An official who worked closely with Narendra Modi during his stint as the Chief Minister of Gujarat told me an anecdote to explain his style of working. Just before the 2007 state Assembly elections, Modi had found himself pitted against a strong lobby of Patel farmers and the RSS-backed Bharatiya Kisan Sangh.
What got the goat of the agriculturally affluent Patidars was Modi's tough decision of separating power feeders for agriculture and making farmers pay for it. Earlier, having a common feeder for agriculture and domestic use had made it difficult to gauge how much electricity was consumed solely for agricultural purposes. Given the massive subsidy allotted for agriculture, domestic power consumption was also reckoned as agricultural consumption.
The feeder separation made life difficult for farmers who had to pay user charges. Non-payment of dues led to hundreds of arrests, mostly of Patidars who were provoked by a group within the BJP to revolt against Modi as he had replaced Keshubhai Patel in the state. The official concerned with the rebellion among the farming community had advised Modi to hold back on the move till the elections to avoid any "adverse impact" on the outcome. Modi's response: "Don't bother about the elections, as I will handle it. Do what is good for the people."
Modi went on to win the 2007 Gujarat Assembly elections despite a determined attempt to stoke a farmers' rebellion against him. Gujarat also became the first state to introduce successful power reforms and ensure uninterrupted electricity supply to common people.
If one examines the way Modi ran the Gujarat government, it will be apparent to them that his style of operation remains unchanged even as the Prime Minister of India. He is arguably the only politician who had a long, uninterrupted stint of 18 years as a chief minister and prime minister considered together. The 2019 Interim Budget presented on Friday is a clear example of a Modi who plans for a decade, even when he is set to face an uncertainty three months down the line in the general elections.
Look at the manner in which Finance Minister Piyush Goyal outlined the country's financial health till 2030. For those keen to hear about the immediate future, he assured them that within two years, income tax filings will be scrutinised through a technological interface with no human interaction. Of course, for a large section of genuine taxpayers in business and industry, Goyal's words were music to their ears. If such a situation does materialise, it will put an effective end to corruption in one of the most corrupt arms of the government.
Similarly, the government's decision to provide Rs 6,000 annually to farmers who own landholdings less than 2 hectares will cover nearly 90 percent of the farming community in the country. This amount is not meant for sustenance, but is aimed at encouraging farmers to inculcate banking habits. At the same time, the entire exercise would also update and digitise land records across the country and carry out an accurate census of land-owning farmers in India. As of now, there are many gaps in digitisation of land records and accuracy about the land-ownership pattern in the community.
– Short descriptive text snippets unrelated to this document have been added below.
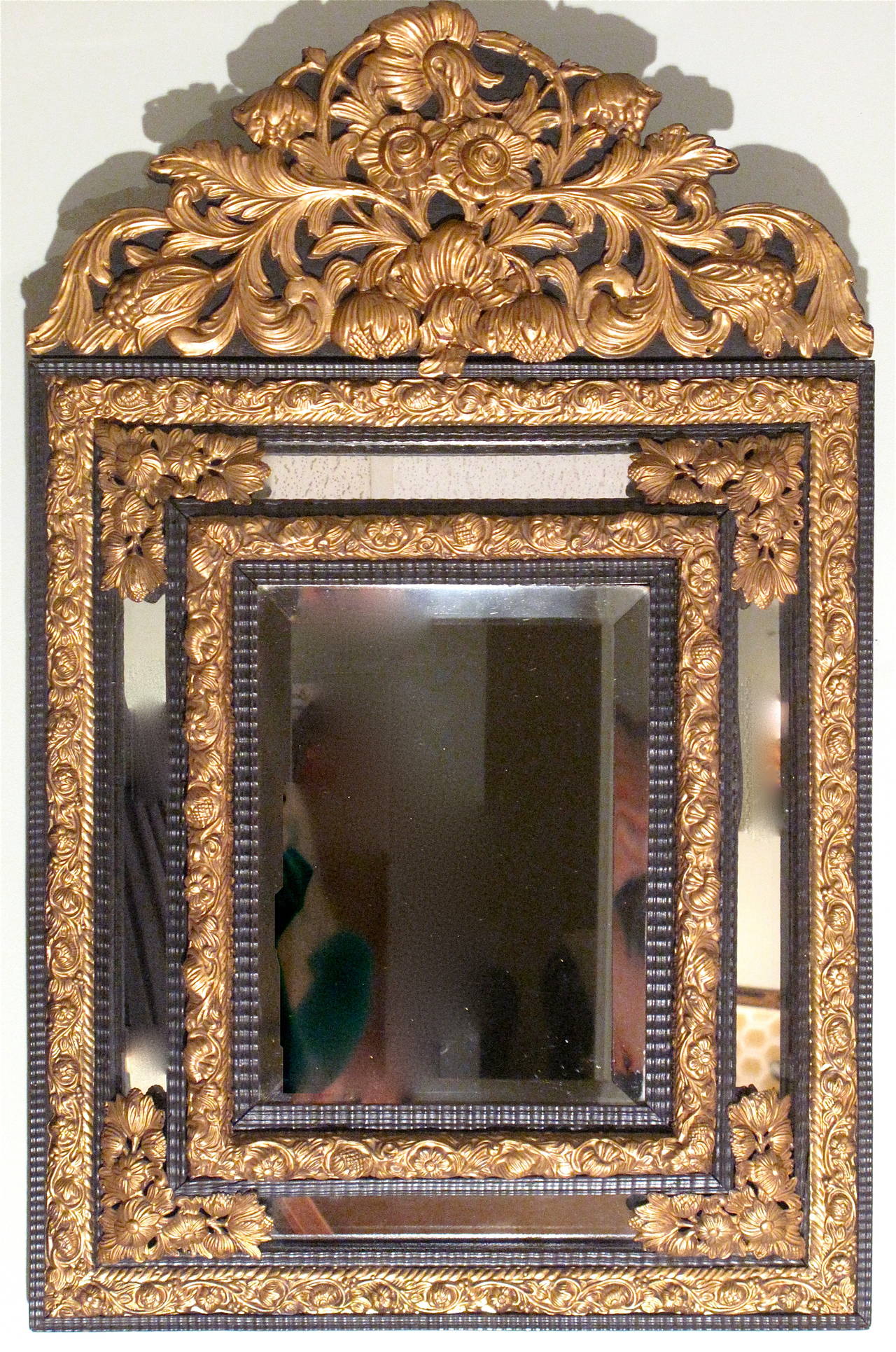A stylish Continental ebonized and gilt brass repoussé crested cushion mirror, 19th century. The arched crest is composed of bold foliate and floral elements, the layered ripple carved frame accented with band of gadrooned and foliate repoussé.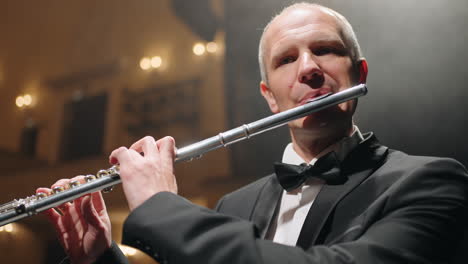 talented grey haired flutist is playing music by flute in opera house symphonic orchestra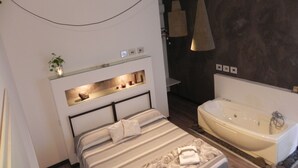 A modern bedroom with a large bed, a built-in shelf with decorative items, a bedside table, and a separate bathtub. - Gea apartment Etna (Nicolosi)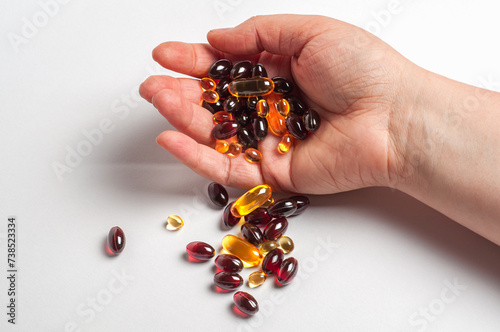Hand Holding Various Nutritional Supplements Against a White Background photo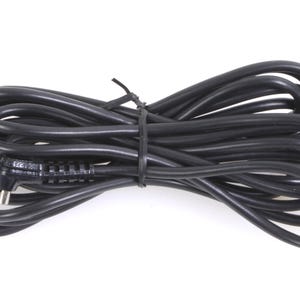 May include: A black electrical cord with a connector on one end. The cord is coiled and tied with a black zip tie.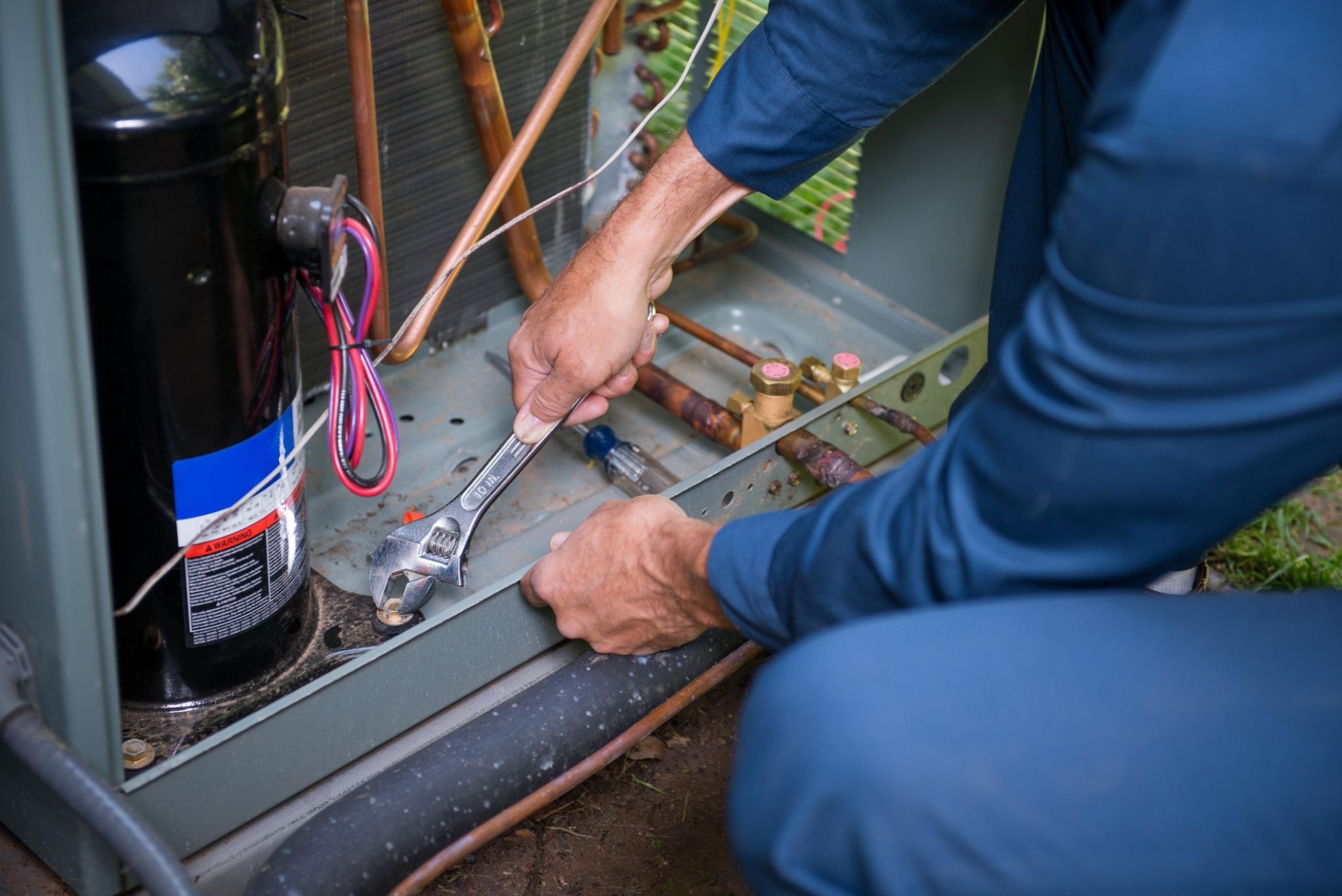 Detailed view of an HVAC technician fixing an outdoor air conditioning unit with an adjustable wrench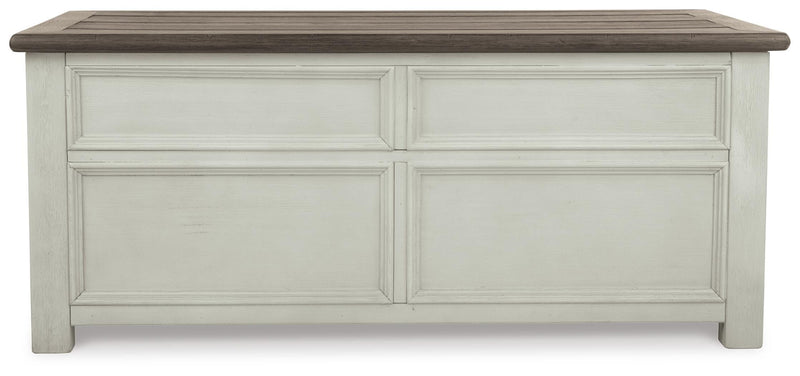 Ashley Furniture Bolanburg lift top coffee table with dark wood finish, featuring a spacious surface and storage compartment.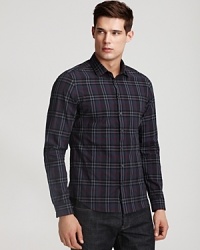 This cotton button down has a crumpled texture allover, a modern fit and Burberry's signature check pattern allover.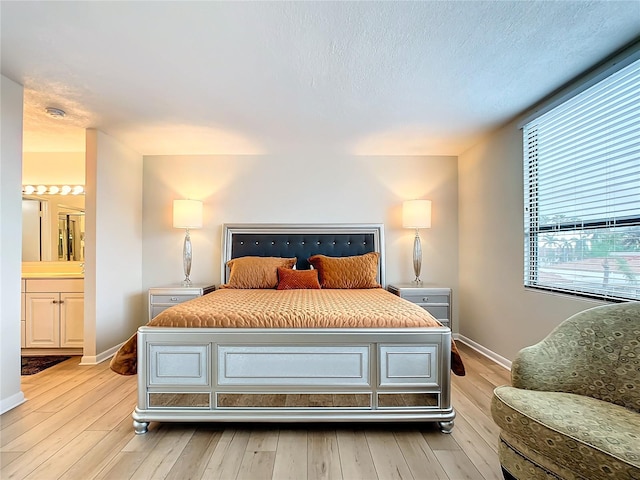 bedroom with connected bathroom, light hardwood / wood-style floors, and a textured ceiling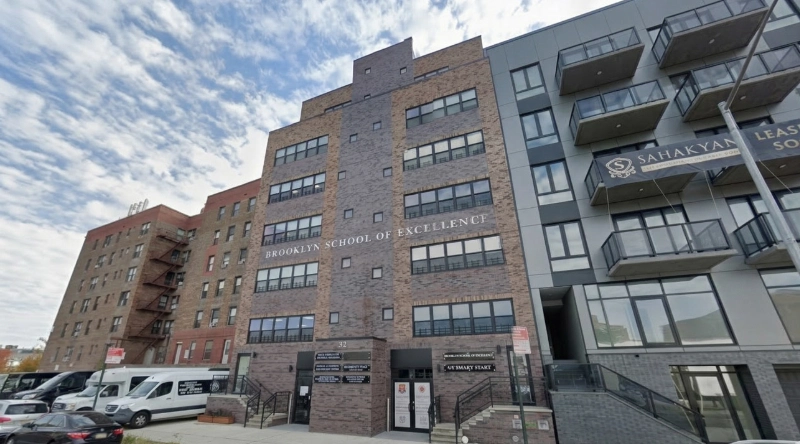 Exterior view Vein Treatment Clinic a modern medical office building under a clear blue sky.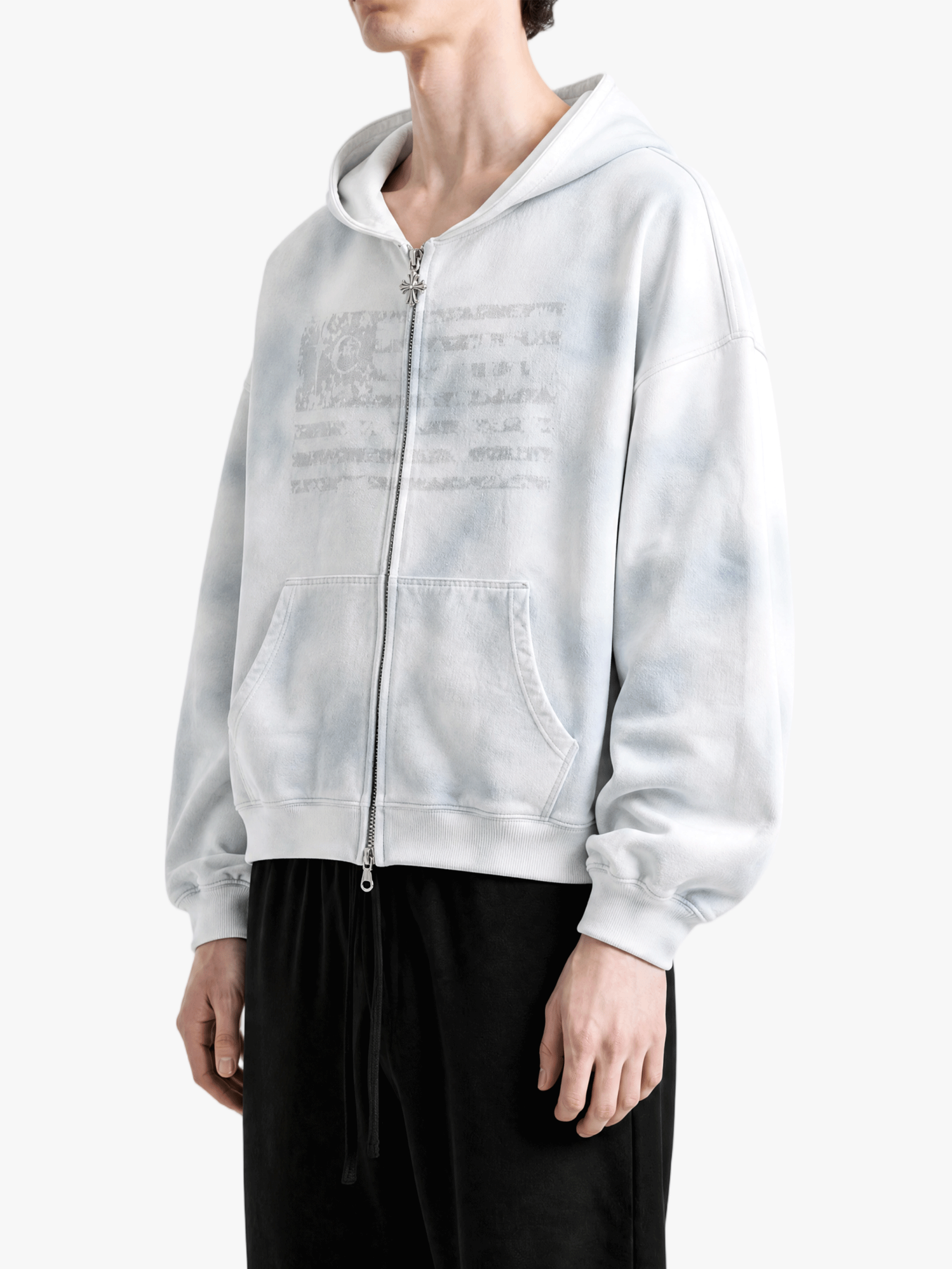 White hoodie worn by a person, side view
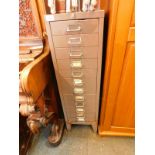 A grey steel twelve drawer filing cabinet, raised on bracket feet, 98.5cm H, 29cm W, 42cm D.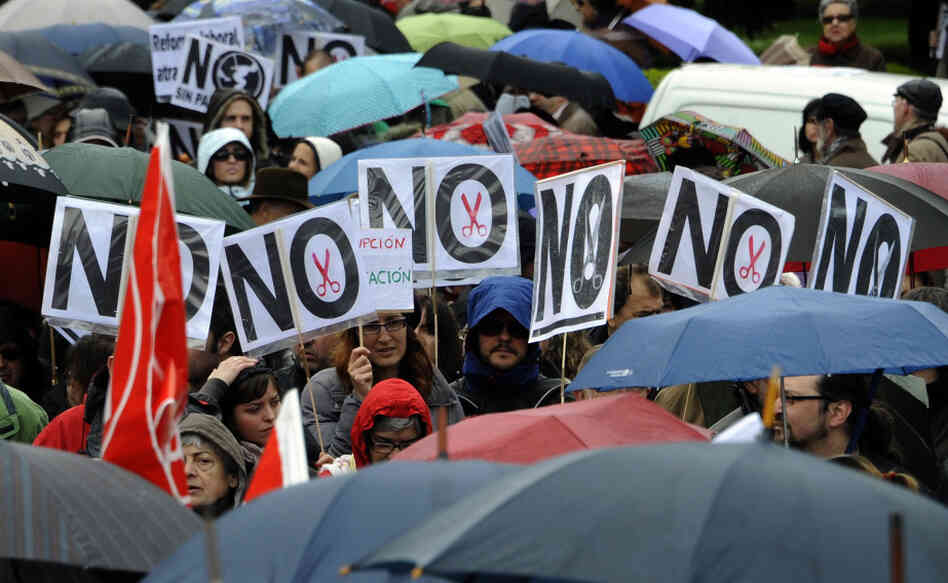 People attend a demonstration in Madrid organized by unions against financial cuts in health and education on April 29.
Moreover, the government's pension scheme for workers of the unorganised sector, instead of being a freebie, is clearly an attempt to incentivise future planning among the most vulnerable strata of society. Under this scheme, workers of the unorganised sector, who constitute nearly 94 percent of the workforce, will be able to avail pension of Rs 3,000 per month after 60 years of age by making a nominal contribution. The scheme is intended to encourage workers of the unorganised sector to have a stake in their future planning. Far from promising a freebie, this government initiative aims to nudge the working class into becoming an aspirational class that realises its dreams and secures its future.
A close scrutiny of Modi's governance style in both Gandhinagar and Delhi will reveal a pattern: through his interventions, he has been assiduously cultivating a neo-middle class, an amorphous social segment that has just pulled itself out of the Below Poverty Line mark and is struggling hard to realise an urban dream. During his Gandhinagar stint, he had promised this class housing facilities and cleaner urban spaces across the state. And there is little doubt that Modi held an overweening influence on this social segment, which forms a sizeable section of the vote bank.
In the past five years, the prime minister has been cultivating this class across the country by launching a vigorous cleanliness drive and promoting healthy competition among cities to rise up to people's expectations. At the same time, he has been providing a push to this class to come out of 'ghettoisation' and dream for a brighter future. His story of becoming a prime minister from a tea seller is inspiring for this class to look at the future with hope, not despondency.
A look at the summary of Goyal's Budget speech would explain how the grammar of politics has been changing the past five years. He talks about building an India that will have a surfeit of clean and renewable energy, electric cars and a transparent and equitable society. This stand is a sharp contrast to the pro-poor rhetoric that finance ministers have deployed in the past while delivering a pre-election Budget.
Modi clearly holds out a promise, while his adversaries are busy drawing a regressive and sad picture of India. The Opposition is emulating exactly the model that failed in Gujarat. It is unlikely to succeed at the national level, as well.